I’m happy to report that Weiner’s not holding to his word at all. On Wednesday, the Mad Men showrunner (flanked by Mad Men directing regulars Scott Hornbacher, Jennifer Getzinger, Michael Uppendahl and Chris Manley), sat down in LA for an event called “A Farewell to Mad Men.” Led by David O. Russell (a Mad Men superfan, given the way he cried out “fantastic!” or “what a barnburner!” any time anyone said anything), the directors shared some “My first experience with Mad Men” stories and unpacked some of their favorite Mad Men clips.

It was neat. And neatest of all was the sort of unofficial Weiner’s Rules of Order that crept into the dialogue. Five directors all swapping directors’ tales, and it became pretty obvious they were all following the same specific Mad Men style guide. And what that style guide entailed.

So here it is.

On Being a Period Piece:

The most crucial, all-encompassing part of Mad Men‘s period-piece chic? Not being like every other period piece. Weiner mentioned What’s Love Got to Do With It? (“which I thought was a great movie”) as a noteworthy offender.

“When it was 1971, you go to Ike and Tina’s house and everything is from that day. And I was like, ‘I think we should make it feel more the way it does now, where people are wearing stuff from high school, and Betty Draper’s house has early American antiques…’ all the periods would exist at once, the way they do in our lives.”

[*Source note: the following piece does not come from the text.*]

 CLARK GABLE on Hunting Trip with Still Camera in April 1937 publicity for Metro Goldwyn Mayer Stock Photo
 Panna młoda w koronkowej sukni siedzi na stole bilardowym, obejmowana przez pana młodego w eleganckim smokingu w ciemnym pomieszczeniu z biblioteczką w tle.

“You could get character out of that. Peggy’s wearing clothes from the ’40s and it shows that she’s poor. Betty Draper wears the same dress, like a real person- even though she’s Betty Draper.”

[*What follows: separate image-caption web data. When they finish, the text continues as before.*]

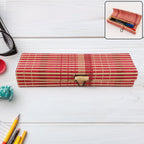 Decorative bamboo mat organizer box holding pens and cosmetics
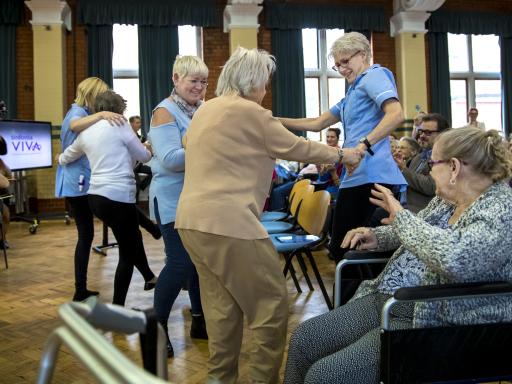 A group of older people and nurses, listening to live music. Some are dancing, clapping and smiling.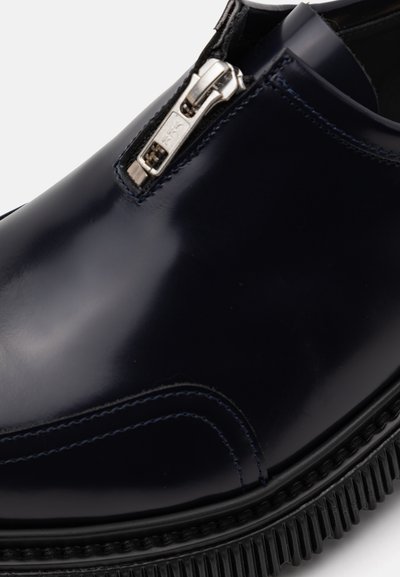 Navy blue leather shoe with a glossy finish, featuring a silver zipper along the front and textured black sole for grip.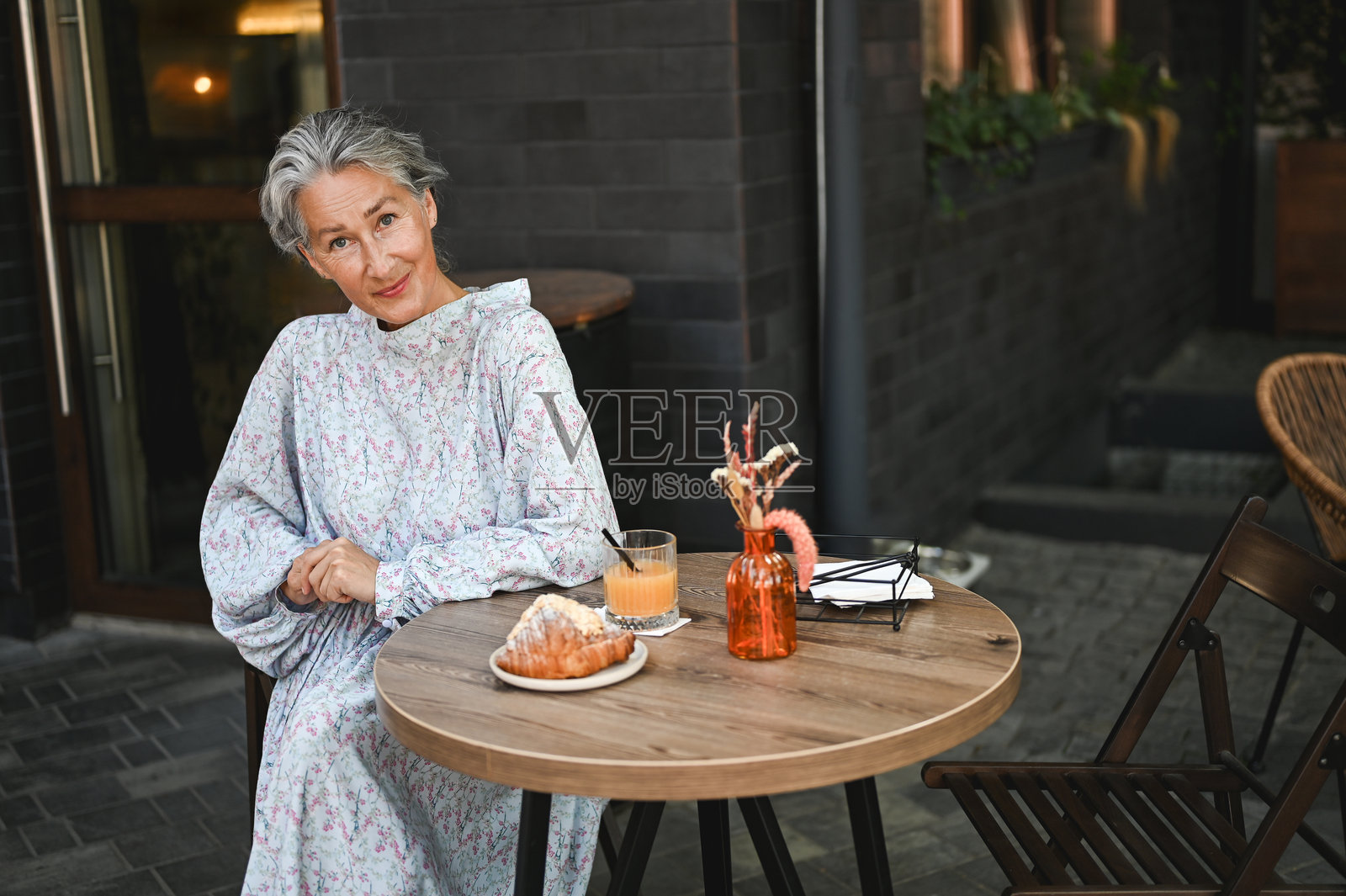 时尚成熟的女人在路边餐厅放松。照片摄影图片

Real people also leave crap all over the place, so Mad Men‘s characters would too. “I want to see wrinkles. I want to see collars without stays in them. I want to see sweat stains. And I want to see the cigarettes everywhere and the dirt that goes with it. Frayed clothing. Don’s shirts fresh back from the cleaners with the wrapper on [them].”

On Choreography:

Weiner’s love (also, fanaticism) for every actor’s movements was everywhere, all the time. “I want to do this like an old-fashioned thing. I want to lay track, I want to block it and I want to plan it, so that I know when they’re standing up and sitting down.” That includes charting every footstep in the writers’ room before shooting. Also: “I don’t like people exiting or making an entrance unless it’s written.”

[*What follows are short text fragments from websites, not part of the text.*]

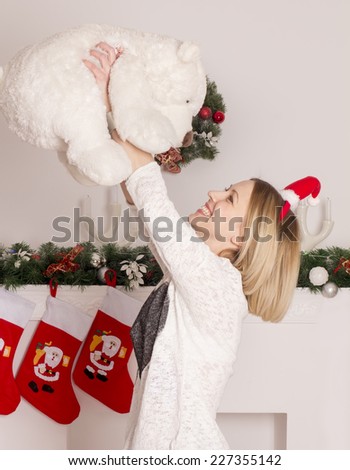 beautiful girl stands near the Christmas decorations fireplace and playing with teddy beer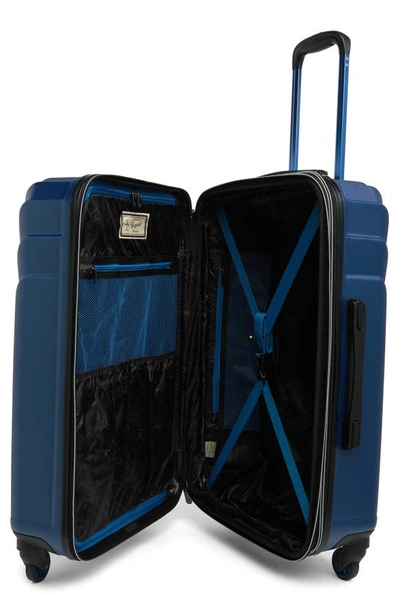 Shop Original Penguin Blake Collection 25" Hardshell Spinner Suitcase In Metallic Blue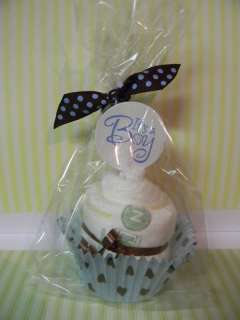 Youare bidding on a ITS A BOY diaper cupcake blue & brown, placed 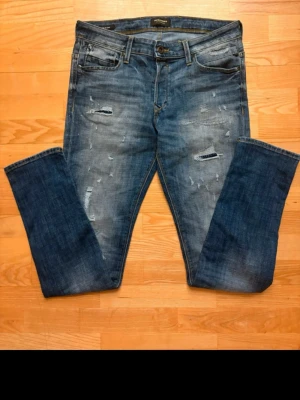 Blå slitna jeans från Jack & Jones - Säljer ett par blå jeans från Jack & Jones med snygga slitningar och lätt tvättad look. Jeansen har klassisk femficksdesign, normal midja och raka ben. Perfekta för en avslappnad och trendig stil.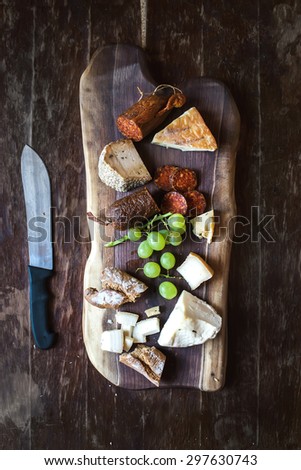 Wine appetizers set: meat and cheese selection, grapes and bread on a rustic wooden board over a dark wood background. Top view, copy space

Part of that stems from Alan Taylor‘s direction on the pilot episode. “He does shoot the sets, which really became a style of the show. To let things play out in wides. Make sure that the choreography was such that you weren’t announcing to the audience, sticking their nose in shit all the time.” (And for the record, Weiner’s inflection on “shit” is the way you’d say “stuff”- not something you’d rub a dog’s nose in).

The West Wing happened in the years between Weiner writing the pilot and shooting the pilot, so Mad Men had to distance itself from the Aaron Sorkin walk-n’-talk, too. “I had a rule where everybody had to look at each other when they were walking and talking. Even if it meant running into a pole or something.” Also, everyone else. “Everything was this sort of unmotivated steadicam. There was this kind of ‘live’ feeling to things. Which is cool. But of course, like everything cool, it was everywhere, and I don’t want to do that.”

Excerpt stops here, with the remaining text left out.